Oil Inventory Review:

Gasoline Rules The Week After Larger Than Expected Withdrawal. Gasoline prices climbed another $0.07 to $2.12 - levels not seen since last July after a much larger than expected drawdown in stocks.

  • Expectation: down 350,000 vs Actual of 5 million barrel withdrawal (high demand, weak utilization, weak imports)
  • Demand Has Been Especially Strong This Year. Last year a demand response was seen when the national average started approaching $3. We'll see if that matters this year.

gaso-demand-040607.JPG

  • Imports Have Been Subdued As Higher European Prices Have Lured Tankers From U.S. Shores. Imports need to remain north of 1 mm bgpd if prices are to subside below $2 per gallon later this Spring.

gaso-imports-040607.JPG

  • Refinery Utilization Remains Depressed. Even in the wake of Katrina and Rita, which flooded numerous Gulf Coast facilities, refiners were able to rally utilization by mid-April 2006. There is no reason to think that current low levels (87%) will persist beyond the next two to three weeks.

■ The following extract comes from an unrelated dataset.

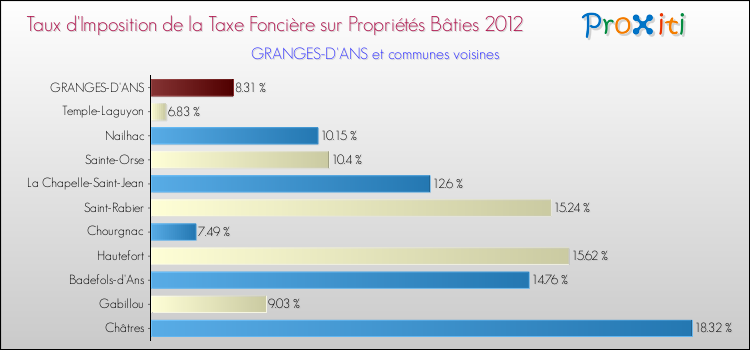 Taux d'imposition de la taxe foncière sur le bati 2012 pour GRANGES-D'ANS et les communes proches Comparaison des taux d'imposition de la taxe foncière sur le bati 2012 pour GRANGES-D'ANS et les communes voisines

gaso-utilization-040607-aaa.JPG

So what's happend to Gasoline Stocks? The EIA presents you with the following chart. The slope of the descent is a bit steeper than the norm but stocks remain within the bounds of historic averages for this year after rising well above them less than 3 months ago.

gaso-eia-inventory-040607.JPG

A Slide In Stocks In Early Spring Is The Norm, Not An Anomaly.

gaso-stocks-040607.JPG

Traditionally, gasoline stocks don't begin to start building for another 2 to 3 weeks. This year it will probably take a little longer.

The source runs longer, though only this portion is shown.